In order to bring these functions together, enterprise solutions impose a coherent structure from the top down. Although the systems allow for some degree of customization to permit companies to configure aspects of the system to reflect how they do business, the flexibility is limited by their nature as generic packaged solutions. To varying degrees, enterprise solutions require companies to change how they do business in order to realize the benefits of integration.

The Challenge of Enterprise Solutions
Since an enterprise solution covers the gamut of business functions - from accounting to engineering - implementation brings cost, complexity and organizational challenges. The solutions are costly and complex due to their scope and nature. A large company can spend between $50 million and $500 million implementing an enterprise solution. Perhaps the biggest challenge, however, is the impact an enterprise solution can have on a company's organization and culture.
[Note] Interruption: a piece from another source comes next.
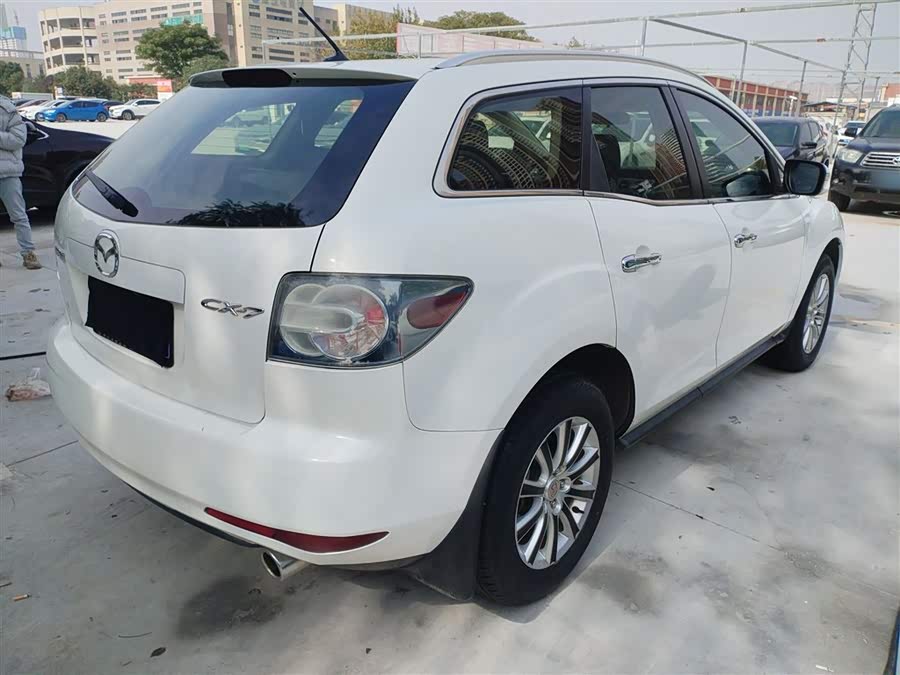 马自达 马自达CX-7 2015 汽车图片 #8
Because an enterprise solution unifies information under one system, adopting the technology can pull a company's organization and culture in different directions. Enterprise solutions embody their own version of best practices, which challenges the existing practices of a company, forcing the company to question almost everything they do. The unified system also forces the integration of business functions within a company and the sharing of data between departments, something that has typically never been done before.
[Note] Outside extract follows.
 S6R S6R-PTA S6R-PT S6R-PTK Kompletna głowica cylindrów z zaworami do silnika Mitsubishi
Enterprise solutions also present strategic challenges. As enterprise solutions are adopted across entire industries, individual companies risk losing what makes them unique. If all of your competitors are rushing to implement an enterprise solution, should you? If everyone is gaining the exact same advantages in the exact same way, has anyone gained any strategic ground? In some cases, such as in the petrochemicals industry, enterprise solutions have so revolutionized the industry that not adopting the technology would be foolhardy. In other cases, if the cost of implementing an enterprise solution is forcing your competitors to raise prices, and your current systems are adequate, not immediately implementing the technology might be the best move. Only careful analysis of your strategy and the competitive landscape will tell.

The Promise of Enterprise Solutions
Enterprise solutions provide an opportunity for a company to rethink their business. If an industry is undergoing fundamental change, as the utilities industry is today, enterprise solutions can provide the vehicle for driving organizational and cultural changes. Enterprise solutions can enable the transfer of power from the center of a hierarchical organization to the periphery, encouraging a flatter, more empowered structure. On the other hand, enterprise solutions can be used to impose structure and discipline, breaking down autonomous fiefdoms. Enterprise solutions can also support geographically dispersed operations, or support an acquisition strategy to build a global company.

Business process reengineering efforts, when conducted in conjunction with an enterprise solution, have a much greater probability of delivering the benefits they identify. Example benefit areas include integrated supply chain logistics, integrated financial management, and integrated customer service. Integrated business processes, supported by integrated technology, can drive out redundancies and inefficiencies that in many cases have been caused by system overlaps and isolation.

In many ways, enterprise solutions embody the promise of the electronic enterprise. In an age of electronic communications, it's a truism that companies perform better when information is unified under a central system. But specific benefits will come only when an enterprise solution functions within the context of the business' strategic, organizational and cultural objectives.